I considered two depth-estimation methods:
- Stereo inference within a single frame (e.g. StereoNet), but its ~10 fps throughput is too low for real-time warning.
- Detecting the same object in two independent camera streams and computing distance from the midpoint of their bounding boxes.
So far I’ve implemented single-camera detection in custom Python code (haven’t yet mastered GStreamer), but I haven’t found a model for multi-stream detection . Since I’ll be running multiple inference modules concurrently, I also need a Python-based scheduling framework—any pointer to good documentation would be welcome.
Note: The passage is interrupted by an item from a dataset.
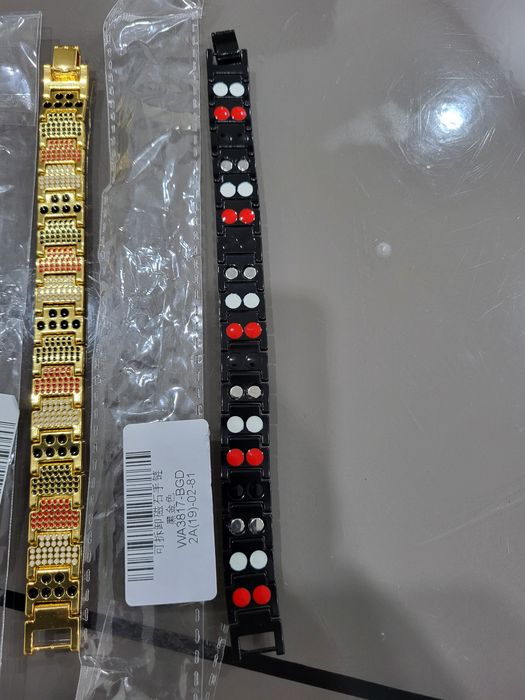 Магнитные браслеты.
Hardware: Raspberry Pi 5, Hailo-8 (upgraded from Hailo-8L), buzzer.
Hi shashi,
I already work with degirum one of my project (unlocking&locking door usingface det and rec) However i couldn’t find anything for this project. I need the track the same object in 2 separate frame. Or any other method for this project.
@Furkan_Ayan,
We have dgstreams (aka gizmos) lightweight Python-based scheduling framework in our degirum_tools package (this is not PySDK, it is extension of PySDK).
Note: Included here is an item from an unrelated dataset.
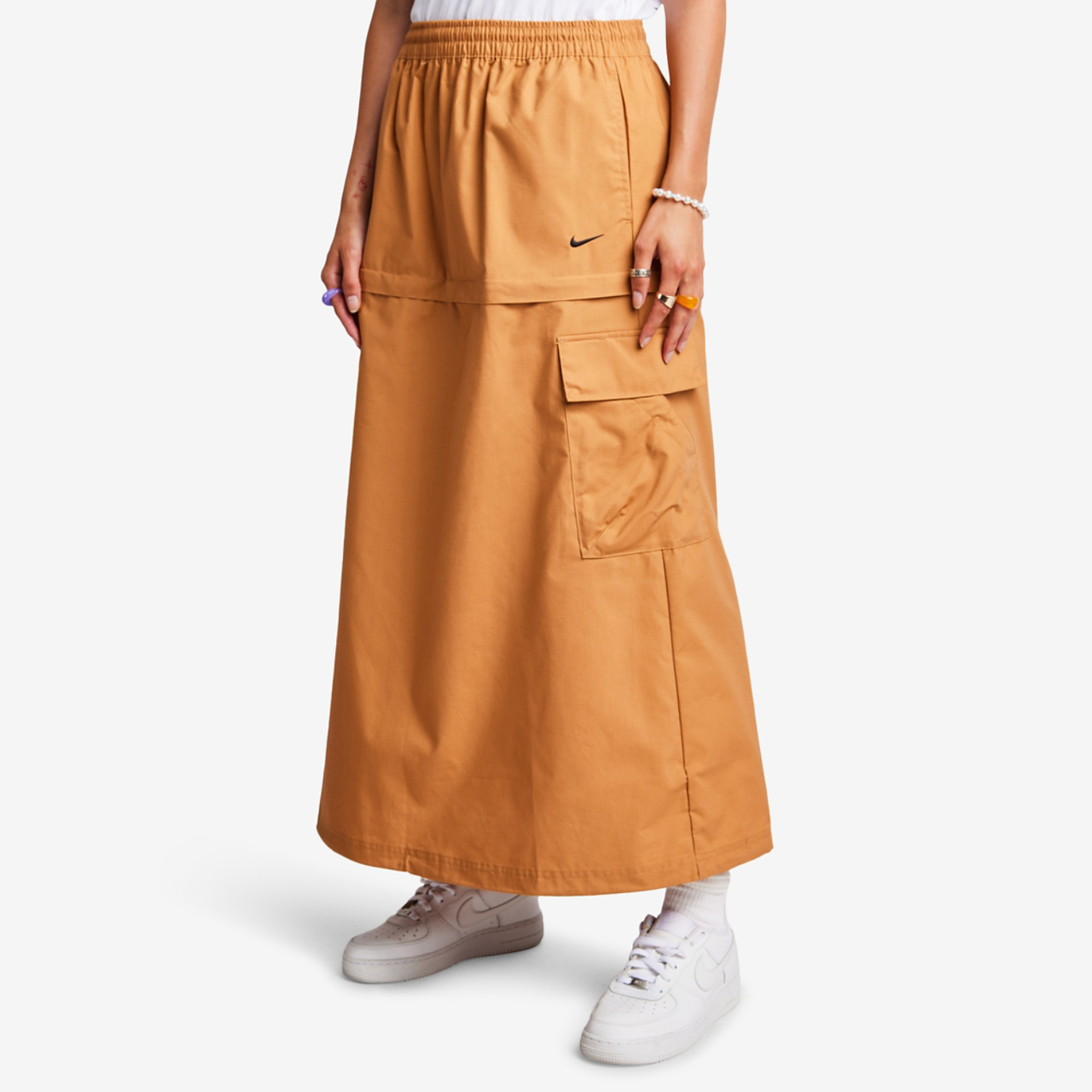 Nike Essential Mid Rise Cargo Midi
We just released documentation: Streams | DeGirum Docs
But for your task I think the best approach would be just to use zip of two predict_batch() calls. Something like this:
import degirum as dg
import degirum_tools
zoo = dg.connect(dg.CLOUD, "degirum/models_hailort", "<your token>")
# or you can use local inference: zoo = dg.connect(dg.LOCAL, zoo_path)
videos = ["images/Traffic.mp4", "images/Traffic.mp4"]
# or you can have rtsp URL or integer indexes of local cams here
# Load an object detection models, one per video source; use the same model
models = [
zoo.load_model("yolov8n_relu6_car--640x640_quant_hailort_hailo8_1")
for _ in range(len(videos))
]
# adjust model name as necessary
for r1, r2 in zip(
degirum_tools.predict_stream(models[0], videos[0]),
degirum_tools.predict_stream(models[1], videos[1]),
):
pass
# here you have r1.results and r2.results -- lists of detected objects with bboxes and scores:
# r1.results[i]["bbox"] is the [x1,y1,x2,y2] list of bbox coordinates
# you need to match them between images and make your calculations
But please be advised that edge-quality object detection models are noisy, meaning that the same object (even not moving) on two consecutive frames may be detected with different bbox coordinates or even not detected at all (score may fall below confidence threshold). This means that you need to implement robust bbox matching and smoothing. Approaches are:
- Do temporal smoothing/filtering of bbox coordinates using either Kalman filter or some low-pass filter. This helps reject frame-to-frame noise. To do this you need to apply object tracking first (like BYTETrack etc.)
- Average over region: instead of just taking the center point of bbox, match several pixels inside the matched bounding boxes then compute disparity per sample then average or median.
- Discard far away bboxes (with small disparity)
- Use most consistent region (like the bottom center for cars on the road)